Rock and Roll In Ondorkhan – On the road update

Full Moons (almost) and Howling Wolves – On the road update
September 22, 2013
Mongolia’s Otgon Tenger Mountain – The Abode of the Gods
October 8, 2013

We’ve been out on our Landscapes of the East itinerary – visiting Dundgobi, Dorngobi, Dornod and Khentii. Mongolians divide their country into three main landscape types – Gobi, Tal Kheriin Bus and Khangai (desert, steppe and mountain) and this itinerary incorporated a taste of all three.

Eastern Mongolia is immense. And diverse. And empty. The vast far stretching landscapes are characterised by flat treeless plains, rolling hills and a significant number of important wetlands – the eastern steppe is also home to one of the world’s last great populations of the White Tailed Mongolian gazelle (Procapra gutturosa). The north-east is dominated by the history of Genghis Khan and the mountain-forest steppe of the Khan Khentii Mountains, stretching to the northern border with Siberia. The Secret History of the Mongols states that Genghis Khan was born in Khentii Province at the headwaters of the Onon and Kherlen rivers, near the border of modern Mongolia and Siberia. According to the legend written in the Secret History the Mongols originated in the mountain forest when a Blue-Grey Wolf mated with a Red Doe.

 Saturday night was spent in Ondorkhan – the provincial capital of Khentii Aimag.

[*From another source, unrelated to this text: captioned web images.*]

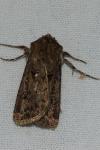 Agrotis bigramma
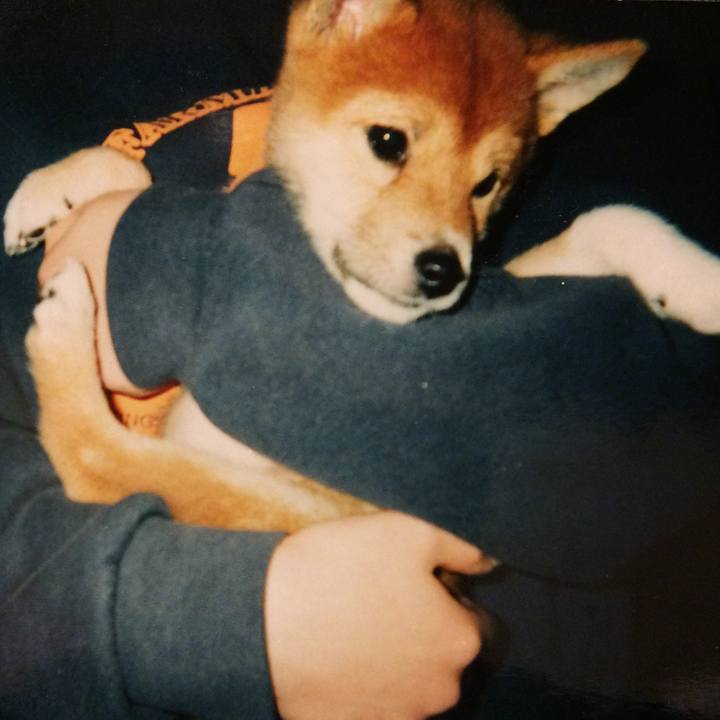 E7daf06d 294a 40df 8de5 62e4271e2cb7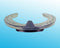 Wide Web Plain Hind T/C (10 Pairs/Box)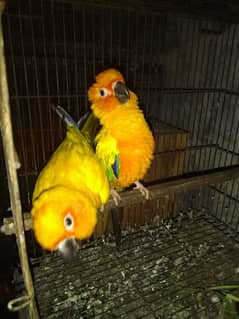 Sun conure breeder pair for sale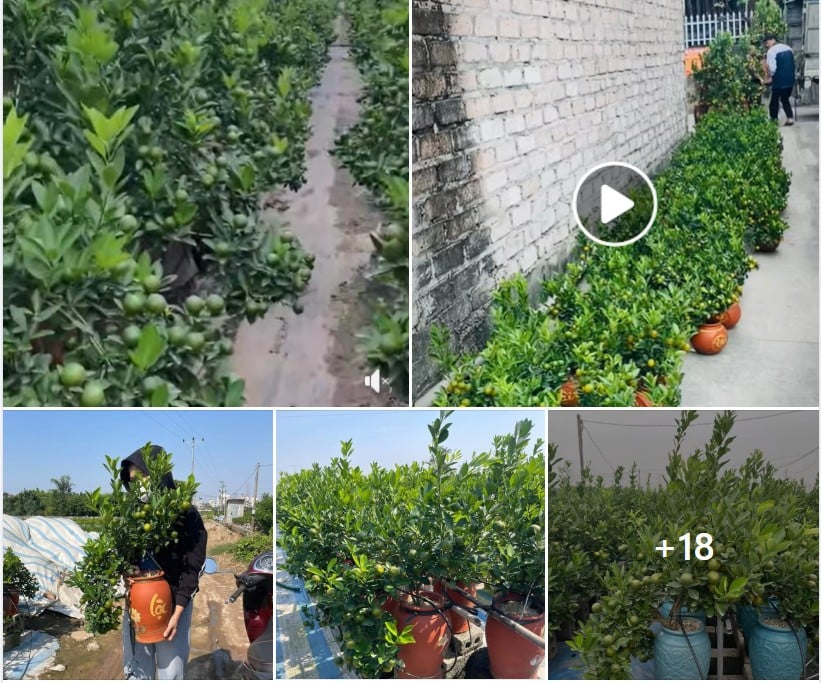 Mẫu content bán quất tết siêu hay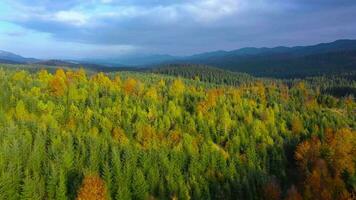 antenne visie van een helder herfst Woud Aan de hellingen van de bergen Bij ochtendgloren. kleurrijk panorama van de Karpaten bergen in herfst. Oekraïne video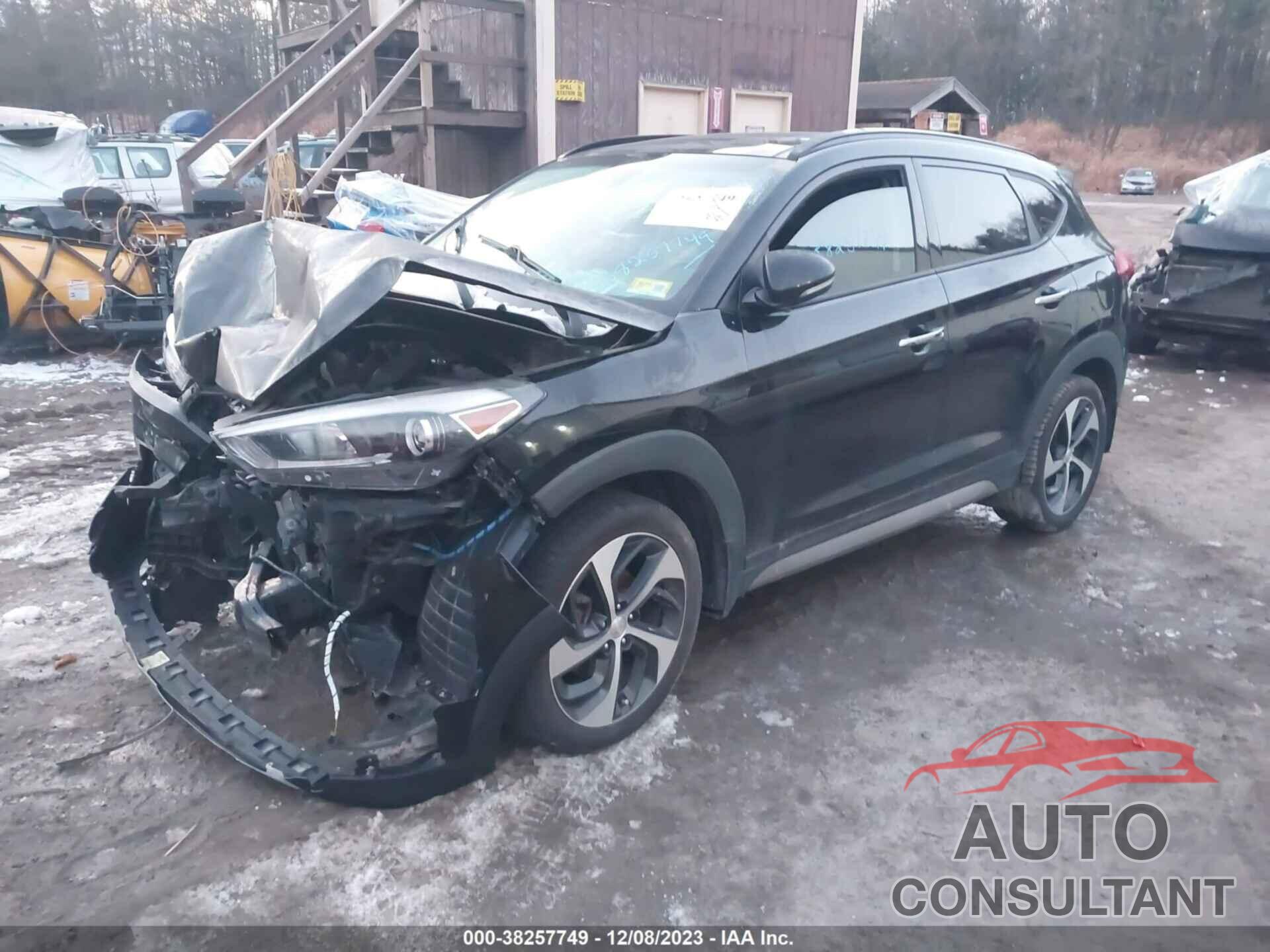 HYUNDAI TUCSON 2017 - KM8J3CA29HU293149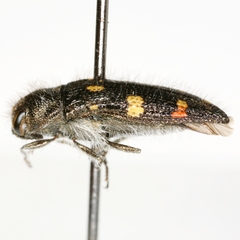 Acmaeodera adenostomae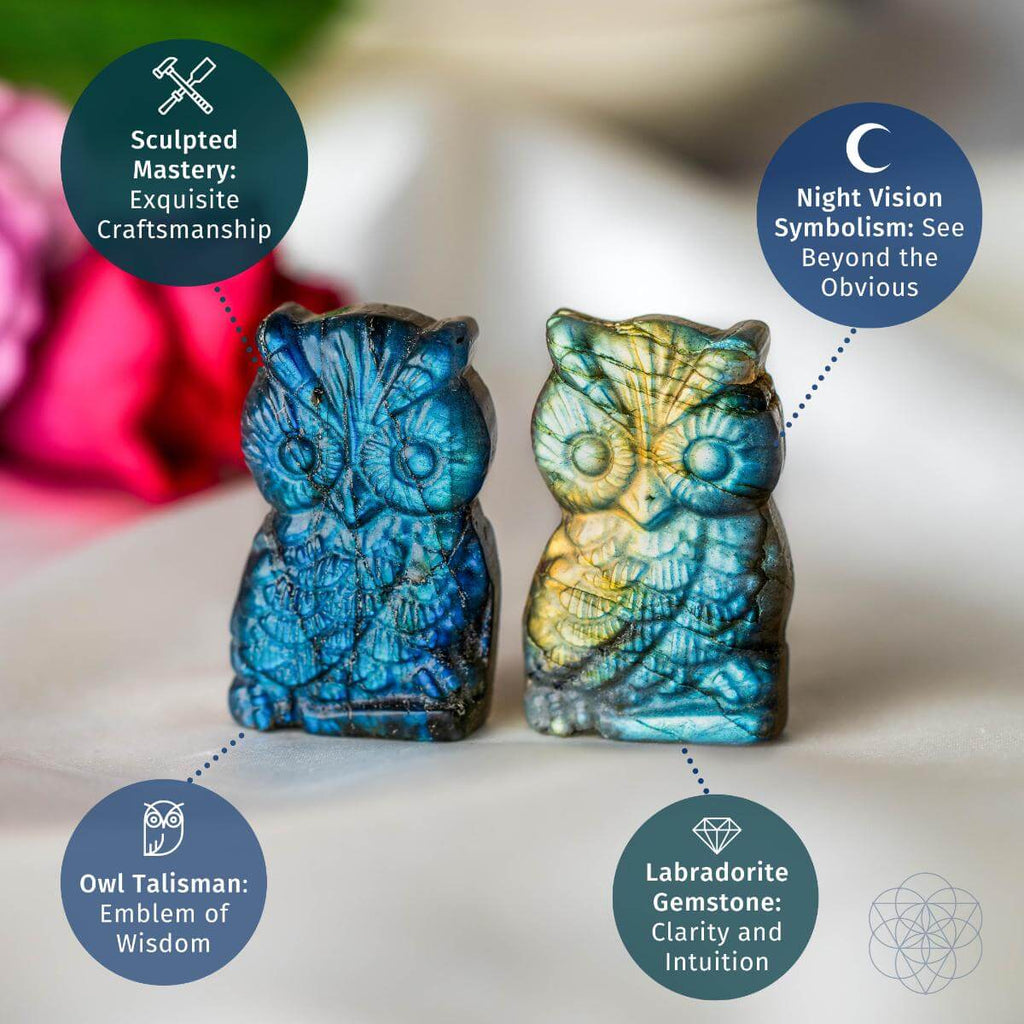 Token of Wisdom - Labradorite Owl Talisman by Conscious Items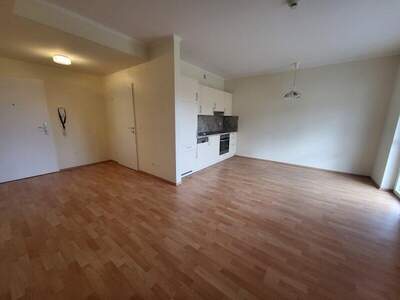 Terrassenwohnung mieten in 2840 Grimmenstein (Bild 5)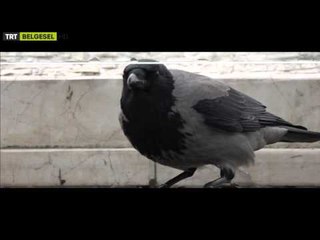 Sosyal Psikoloji - Fragman - TRT Belgesel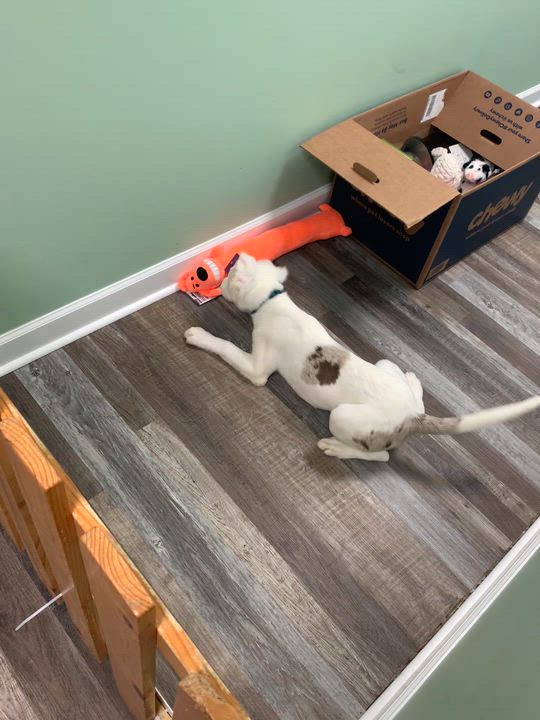 Enlarge Jacques, a ADOPTABLE mixed breed in St. Ignace, MI video 6/6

Admittedly, it might not be on everyone’s must see list of Mongolia but it provided a room to take shelter from an ever increasing bitter wind as well as a contrast to life out on the open steppe and city life in UB. 

The remote and beautiful Baldan Breevin Khiid in Khentii

We celebrated our last night on the east tour with dinner in the ‘Och’ restauarant (a local recommendation from a delightful lady who wanted to practise her English), finishing off with a couple of hours karaoke. The singing was abysmal (apart from Turuu who always sings well) but for a couple of hours it was ‘rock and roll’ in Ondorkhan – finishing off with a dance on the disco floor of the restaurant (don’t worry, we were the only patrons).

We departed early in the morning for UB, and although we have travelled back on ‘Route One’ (also known as the Millennium Highway, this is Mongolia’s main road connecting east aimags to UB and those in the west) we saw more birds of prey than we did vehicles.


Our home at Toson Hulstai, Dornod

Eastern Mongolia is almost certainly the region of Mongolia least visited by international travellers. The final frontier – it’s a perfect destination for those wanting to gain a genuine insight, travel the road less travelled and in the opposite direction to where most travellers go. It comes highly recommended  whether you choose karaoke or not!